■ INFORMATION SHOWN:
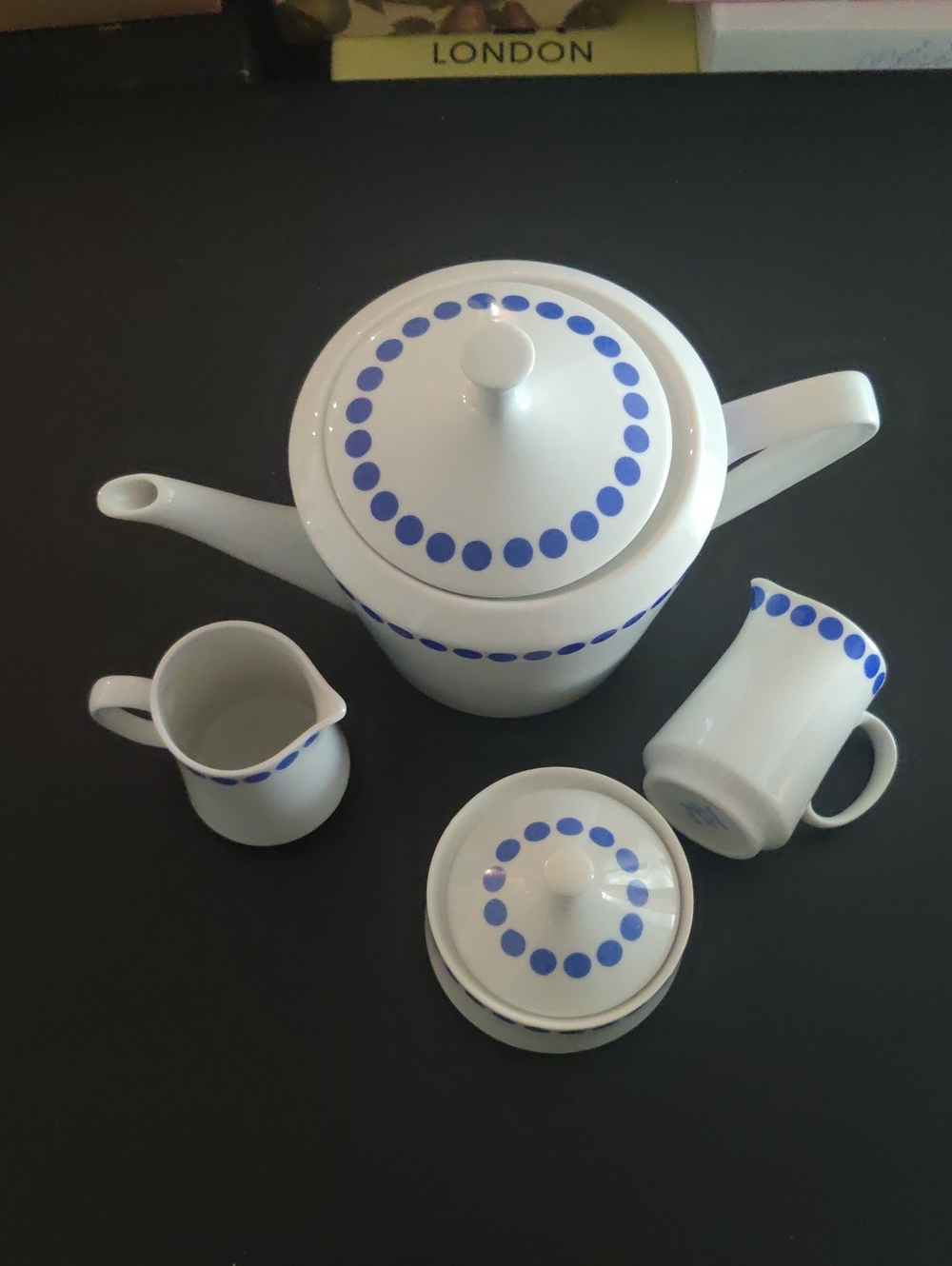 White Porcelain Tea Set with Blue Dot Pattern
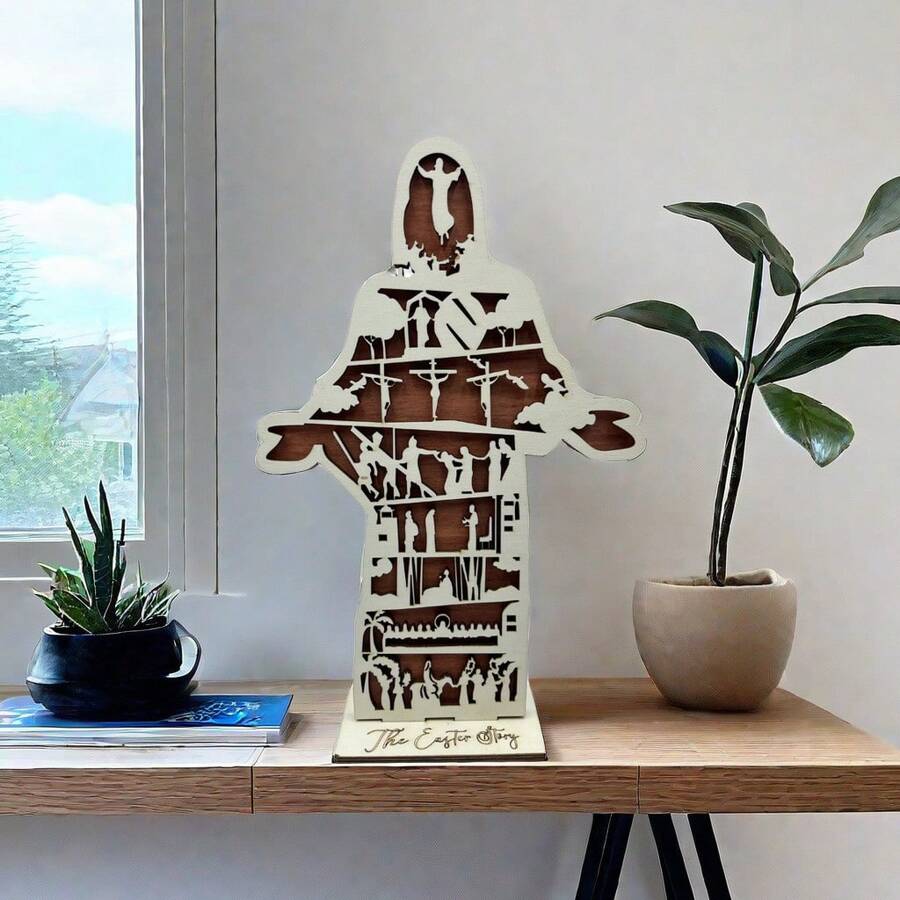 1PC  Easter Home Decor, He Is Risen Jesus Christ Sign, The Easter Story, Christianity Shelf Sitter, Christian Decoration - Camel - View 1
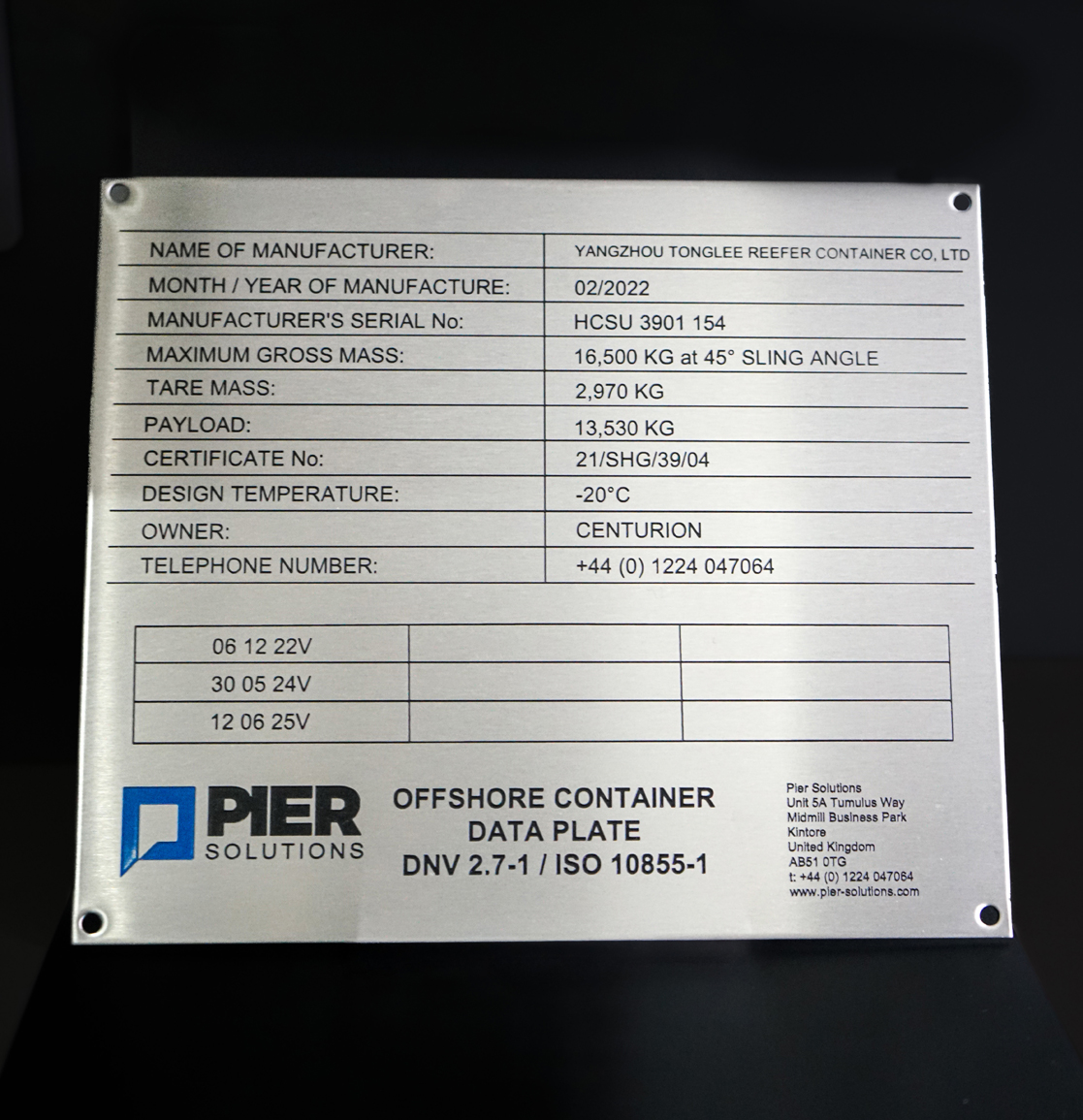 CE / UKCA / DNV Compliance Plates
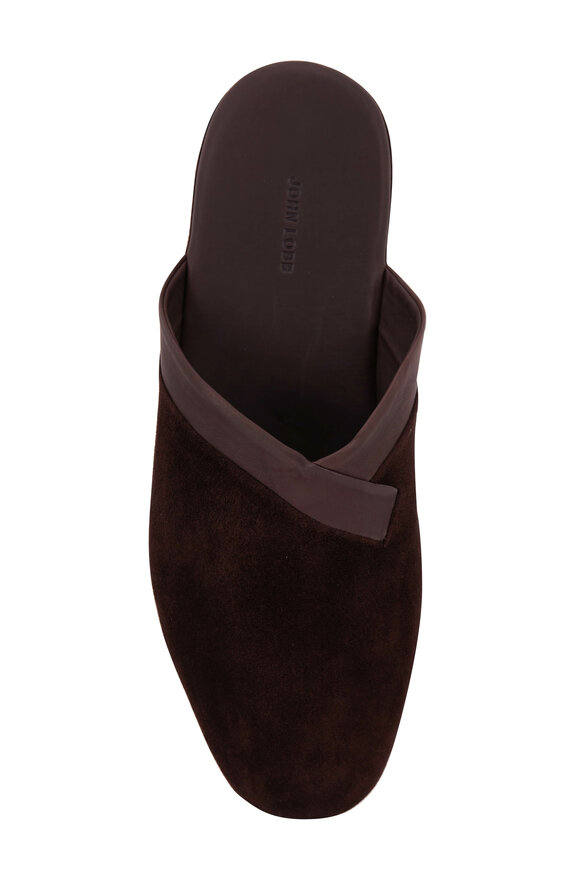 John Lobb - Knighton Dark Brown Suede Slipper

■ DESCRIPTION OF THE TASK: Please write out all the data again word for word, but not the pictures.

■ EXERCISE ANSWER:
 White Porcelain Tea Set with Blue Dot Pattern
 1PC  Easter Home Decor, He Is Risen Jesus Christ Sign, The Easter Story, Christianity Shelf Sitter, Christian Decoration - Camel - View 1
 CE / UKCA / DNV Compliance Plates
 John Lobb - Knighton Dark Brown Suede Slipper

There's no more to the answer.